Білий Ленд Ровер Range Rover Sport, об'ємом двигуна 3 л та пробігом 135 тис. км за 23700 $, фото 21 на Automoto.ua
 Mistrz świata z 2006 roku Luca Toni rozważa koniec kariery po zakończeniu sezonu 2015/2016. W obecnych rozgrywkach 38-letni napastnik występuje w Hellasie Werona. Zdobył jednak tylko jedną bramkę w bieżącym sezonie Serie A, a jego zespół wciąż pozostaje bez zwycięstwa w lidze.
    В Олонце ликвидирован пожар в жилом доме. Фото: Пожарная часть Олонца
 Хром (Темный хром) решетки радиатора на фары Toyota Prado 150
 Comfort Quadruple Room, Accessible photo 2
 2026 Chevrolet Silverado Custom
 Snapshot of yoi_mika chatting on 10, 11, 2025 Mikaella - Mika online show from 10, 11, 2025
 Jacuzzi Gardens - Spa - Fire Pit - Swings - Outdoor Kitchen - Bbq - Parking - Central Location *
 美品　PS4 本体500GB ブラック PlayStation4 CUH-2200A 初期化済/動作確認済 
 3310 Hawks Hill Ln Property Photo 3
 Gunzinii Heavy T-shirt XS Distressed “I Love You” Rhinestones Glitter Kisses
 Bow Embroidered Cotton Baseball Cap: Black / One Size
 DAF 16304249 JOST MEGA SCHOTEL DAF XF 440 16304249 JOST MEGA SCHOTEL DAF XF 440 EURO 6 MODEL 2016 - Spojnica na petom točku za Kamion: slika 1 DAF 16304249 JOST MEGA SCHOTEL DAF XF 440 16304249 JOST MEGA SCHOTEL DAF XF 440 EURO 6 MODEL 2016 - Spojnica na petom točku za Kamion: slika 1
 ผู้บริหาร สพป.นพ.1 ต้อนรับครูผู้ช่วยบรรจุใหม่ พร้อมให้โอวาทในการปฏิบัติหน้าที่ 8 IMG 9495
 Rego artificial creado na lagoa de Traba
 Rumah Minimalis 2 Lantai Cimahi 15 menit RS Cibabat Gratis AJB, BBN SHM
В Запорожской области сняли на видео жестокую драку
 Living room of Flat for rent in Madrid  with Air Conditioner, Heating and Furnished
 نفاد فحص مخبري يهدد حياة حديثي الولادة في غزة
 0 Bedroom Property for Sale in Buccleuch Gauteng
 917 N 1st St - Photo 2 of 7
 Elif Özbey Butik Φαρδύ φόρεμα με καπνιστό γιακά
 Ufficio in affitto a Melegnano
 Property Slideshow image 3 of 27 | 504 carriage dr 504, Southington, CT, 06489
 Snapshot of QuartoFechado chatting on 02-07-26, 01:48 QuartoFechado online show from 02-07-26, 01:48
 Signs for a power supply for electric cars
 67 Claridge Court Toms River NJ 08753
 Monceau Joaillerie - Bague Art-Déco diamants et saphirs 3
+---+
= Problem =
Which lines above run from the one containing "В Олонце ликвидирован" down to the one containing "3310 Hawks Hill Ln Property Photo 3"? Repeat exactly those, both ends included, and nothing else.

= Written response =
    В Олонце ликвидирован пожар в жилом доме. Фото: Пожарная часть Олонца
 Хром (Темный хром) решетки радиатора на фары Toyota Prado 150
 Comfort Quadruple Room, Accessible photo 2
 2026 Chevrolet Silverado Custom
 Snapshot of yoi_mika chatting on 10, 11, 2025 Mikaella - Mika online show from 10, 11, 2025
 Jacuzzi Gardens - Spa - Fire Pit - Swings - Outdoor Kitchen - Bbq - Parking - Central Location *
 美品　PS4 本体500GB ブラック PlayStation4 CUH-2200A 初期化済/動作確認済 
 3310 Hawks Hill Ln Property Photo 3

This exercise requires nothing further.